I have a humidifer valve that doesn't close, and so water always runs in my humidifier (this is a whole-house Honeywell humidifier).

I've got pictures of the setup here :

http://www.jpti.ca/humidifier/InFront.jpg
http://www.jpti.ca/humidifier/FromBelow.jpg
http://www.jpti.ca/humidifier/HumidifierControl.jpg
http://www.jpti.ca/humidifier/Valve.jpg

When I turn the knob on the humidifier control, I can hear a click, but it doesn't shut down the valve.

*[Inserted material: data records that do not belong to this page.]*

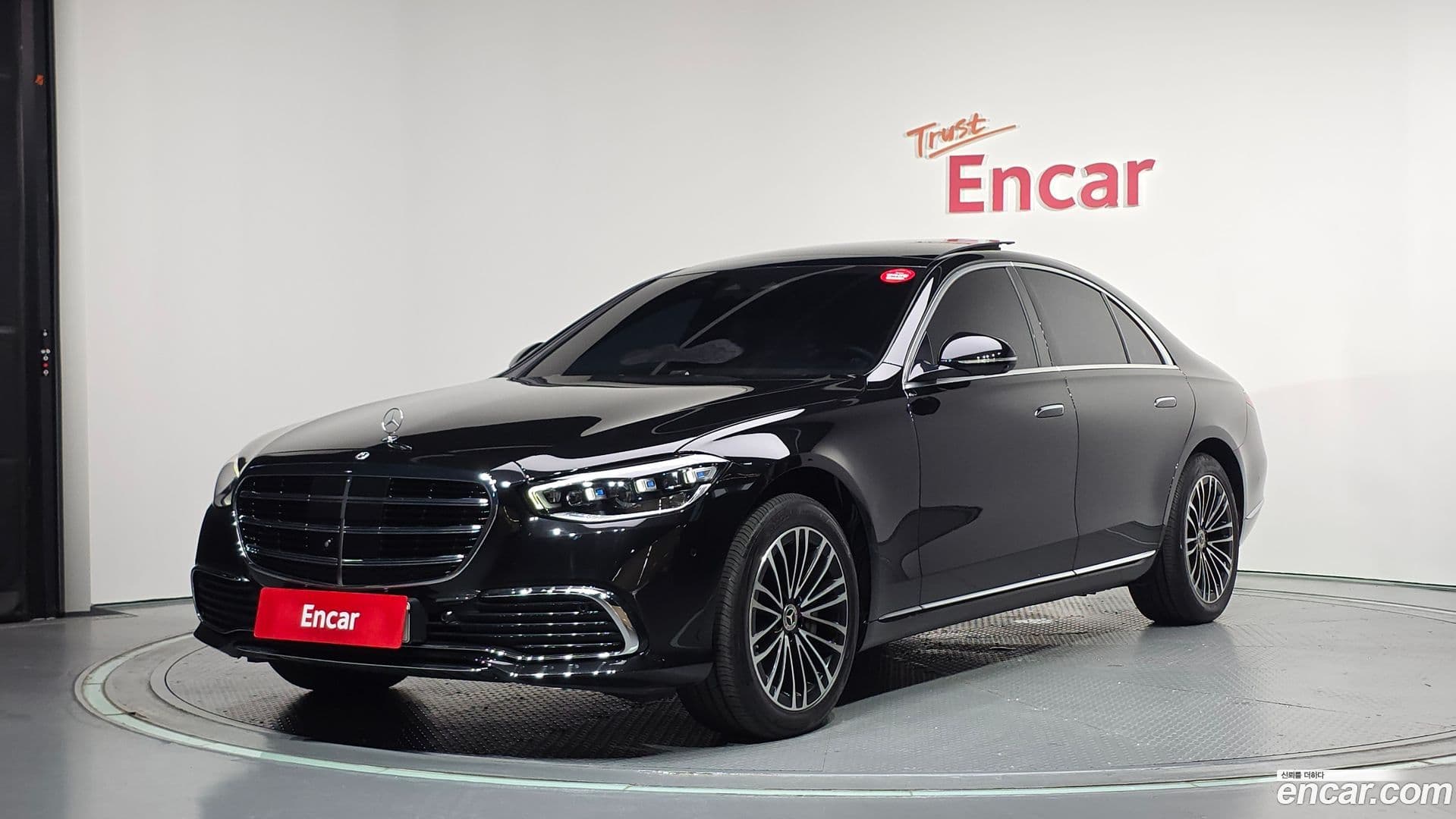 Main__Slider__Photo:S-Class Mercedes-Benz 2025.0-0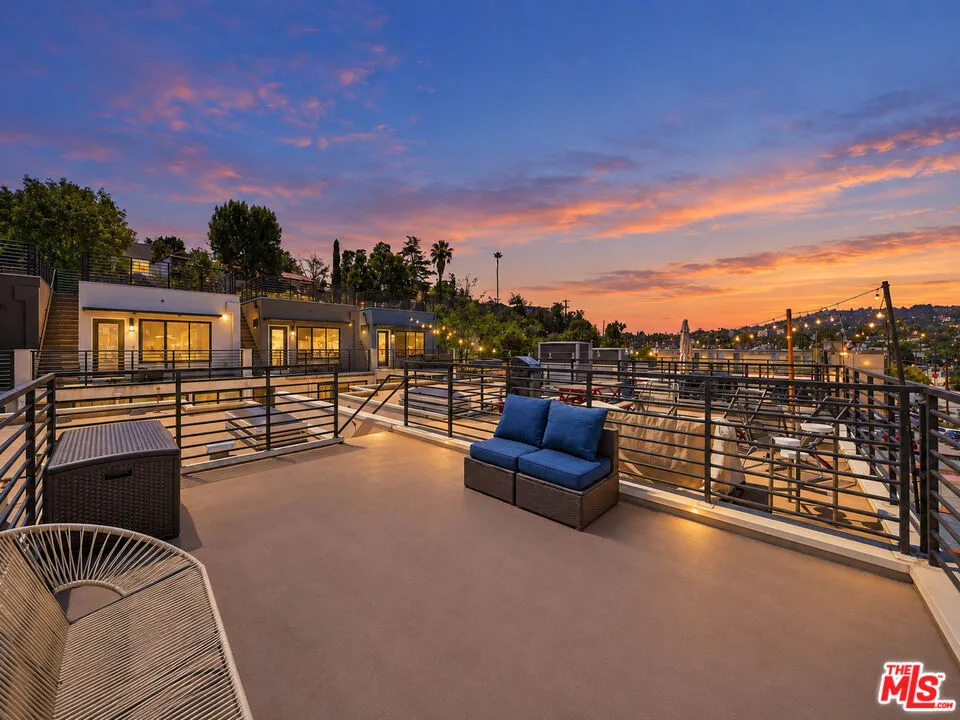 2928 Rowena Avenue #3 Los Angeles, CA 90039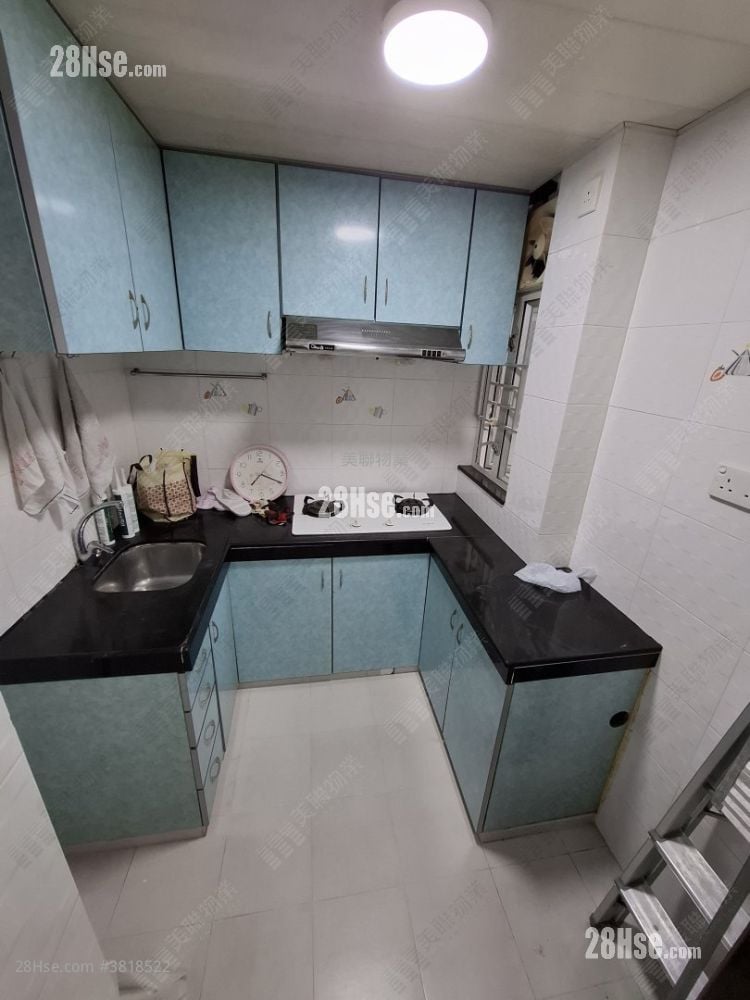 新葵芳花園 租盤 2 房 , 1 浴室 400 平方呎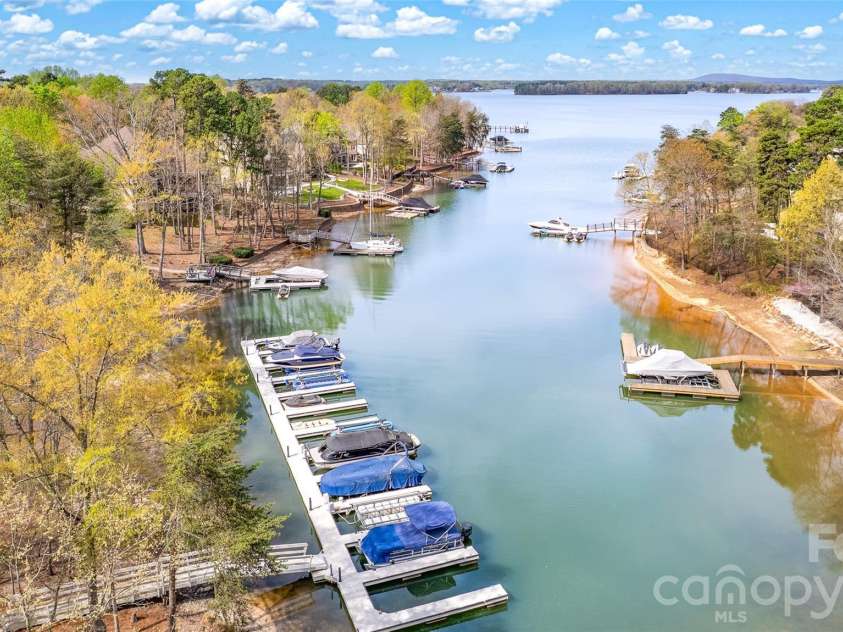 141 Stonewall Beach Lane, Mooresville, NC 28117.  MLS# CAR4356784, YatesRealty ID 22969. 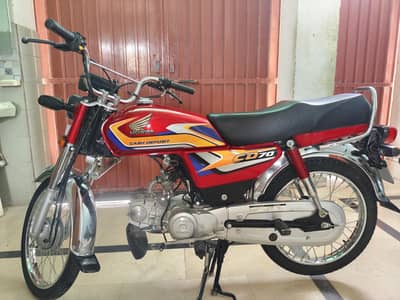 HONDA CD 70 MOTERCYCLE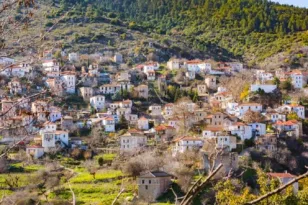 Κρύβεται στον Πάρνωνα και κάποτε ήταν πρωτεύουσα: Το χωριό της Πελοποννήσου με τα μεσαιωνικά πυργόσπιτα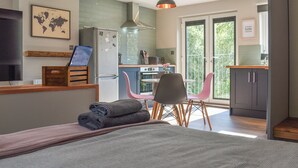 Une cuisine moderne équipée d’un réfrigérateur, d’une cuisinière et d’un coin repas avec des chaises.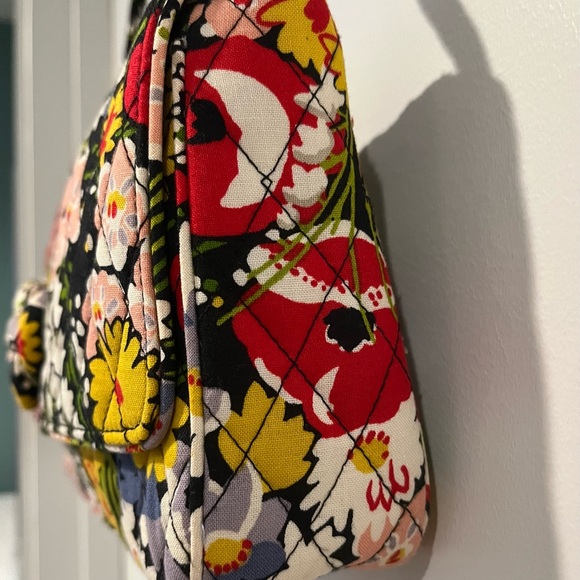 VERA BRADLEY HANDBAG - Picture 4 of 7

I'd like to know what the steps would be to : 

1- make sure that there is indeed a problem (e.g. are there pre-conditions I'm missing here ?)
2- determine if the control is defective or not
3- determine if the valve is defective or not.

Thanks for your help...


----------



## itzdel (Dec 2, 2011)

My guess is that you have a defective water valve. Take the cover off of your wall mounted humidifier control and disconnect one of the two wires that are connected to the control.  If the water valve does not shut off, then the valve is probably defective.  The only other possibility I can think of is, your unit may have a latching relay that has locked the valve open. Not being an expert in this area, I don't have enough knowledge to know if your system has a relay installed. You could trace the wires from the valve to their souce and disconnect one there, but I suspect this may not be practical. Perhaps one of our more experienced colleagues may have another solution.


----------



## paul52446m (Dec 2, 2011)

bercy46 said:


> Hi,
> 
> I have a humidifer valve that doesn't close, and so water always runs in my humidifier (this is a whole-house Honeywell humidifier).
> 
> ...


Is it run full open or just a small amount? If its running full amount then you need to check to see if the power is still at the valve or not. If power is not there and valve is flowing full amount, then you have a bad valve. If the power is still there then you have another problem. If it is just little amount through the valve and the power is off then there might be some lime build up on the valve seat. Paul


----------



## itzdel (Dec 3, 2011)

I aree with Paul's assessment. When I viewed the picture of the valve, it appeared to have corrosion arround the base of the actuator. You may find it easier to purchase a replacement valve than to attempt to repair the existing one. There are replacement valves that you can find on the internet that work fine and cost less than the ones that the humidifier manufacturer supplies.


----------